One can only imagine the amount of time, man-power and documentation expended to dictate what people do with each other’s bodies. 

But let’s not spend so much time on the motives behind the need to manage and rule over people’s sexual preferences based on a pre-determined view of what’s considered “natural.” 

Let’s talk instead about the effectiveness of such policing and, also, ask what is “natural” about sex anyway.

In other words, are people actually motivated away from so-called “deviancy” because of laws? And is there anything “natural” about human sexual practices in the first place?

Spoiler alert: It’s “No” to both.

1. Policing the erotic tends to eroticise the “crime” being policed.

Try to tell people they’re not allowed to love in a certain way and you may as well try to put out a fire by dousing it with RON95. 

Prohibit a transgression, especially an erotic transgression and you’ll make the transgressors (or would-be transgressors) yearn even more for “it.”

Intimacy is a tough deal to handle; wielding the strong arm of the law is practically the least effective way to go about it. — Reuters pic
Intimacy is a tough deal to handle; wielding the strong arm of the law is practically the least effective way to go about it. — Reuters pic

This is why virtually all attempts to stamp out this “problem” tends to back-fire.

For the nature of sexual desire is one of liminality ie it’s about “crossing lines” (in every tantalising sense of the word). Human sexuality involves taking risks (will our friendship be damaged if I declare my affection for her?), taking leaps (whatever her “answer”, things will never be the same), switching categories (after today, I am her “boyfriend”) and so on.

Granted the Shariah Council aims to protect sexual boundaries. In fact, I can’t imagine any traditional religion not attempting at least something similar. 

The esteemed members of the Shariah court may succeed in punishing one “inappropriate” liaison but that won’t stop many other couples.

Intimacy is a tough deal to handle; wielding the strong arm of the law is practically the least effective way to go about it.

As a Christian, I’m not about to publicly promote LGBQT sex but neither— crucially — do I feel I have a right to publicly condemn anybody who doesn’t practice heterosexual or “traditional” sex. 

It is, quite literally, none of my business how two consenting adults have sex.

We can discuss.
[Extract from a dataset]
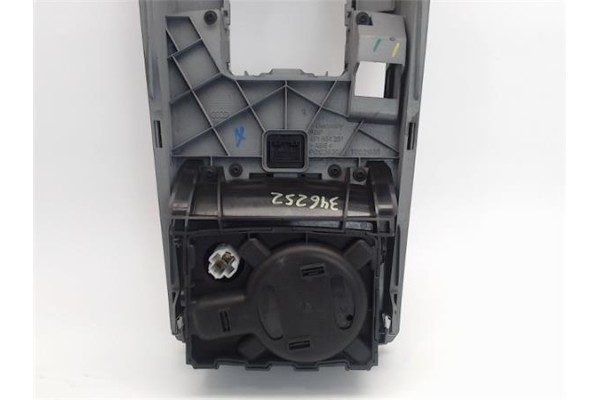 Recambio de embellecedor consola central para audi a6 avant (4f5) 2.8 fsi referencia OEM IAM 4F1864261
We can debate. We can dialogue. And we must.

Hence, my second axiom which I’ll phrase in the form of a question:

2. What counts as “natural” sex anyway? 

Isn’t the very process of human romantic courtship sorta unnatural? 
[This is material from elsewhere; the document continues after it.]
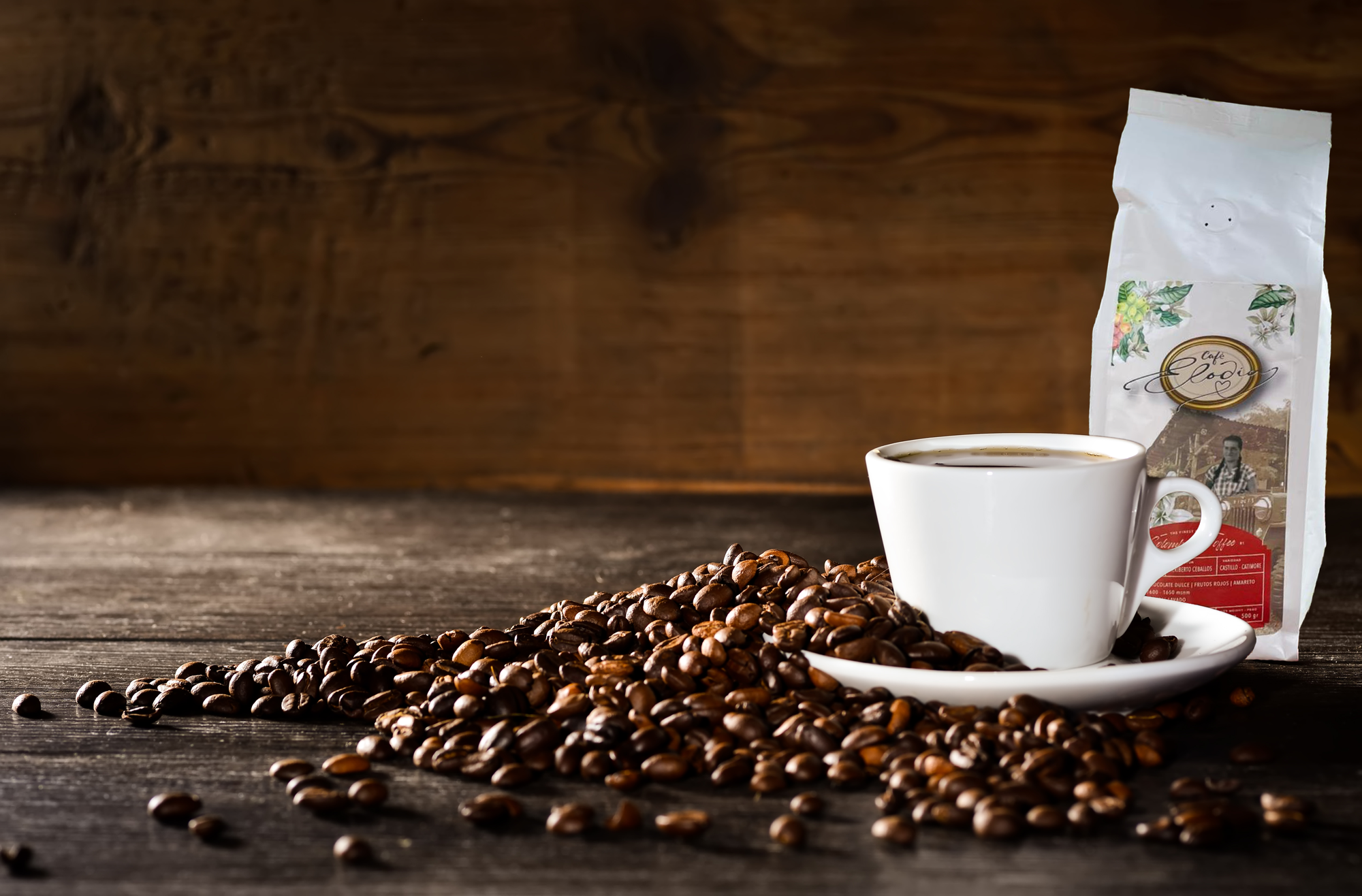 Elodia Coffee Signature Blend — taza, bolsa y granos de café colombiano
Do we see dogs flirting before, quite nervously, asking each other out for an “official” date? 

Do we observe cats blushing when another cat they find attractive pays attention to them, only for them to later agonise over “what the other may have meant” by brushing its tail against it? 

Of course we don’t, but aren’t ALL the above part and parcel of how people express their sexual desires, and aren’t they all completely “unnatural”? 

Or, when we so severely punish what we consider “unnatural” sex, shall we only limit it to physical copulation, as if human sexuality is exclusively about the act of intercourse (and nothing more)?

Doesn’t the sexual act include elements like kissing, licking, biting, sucking, talking dirty and all sorts of strange “positions” (which heterosexual couples also do) which would stretch the use of the word “natural”? 

Isn’t the exclusive focus on the act of intercourse itself, in fact, a very NON-HUMAN way of thinking about sex?

Therefore, to draw up criminal legislation based on one group’s understanding of “natural” is, well, anachronistic (to say the least).

One final note: Am I therefore saying that all kinds of sexual relations should be permissible?

Again, it’s none of my business how people want to love each other. But, more importantly, sex and sexuality is something that cannot and should not be an issue for legislation UNLESS we’re talking about protecting the vulnerable (hence, issues like child marriage, rape, etc.)

Let’s quit using the law to make our version of morality — especially in relation to what people do in their bedrooms — the only acceptable one in the land.

* This is the personal opinion of the columnist.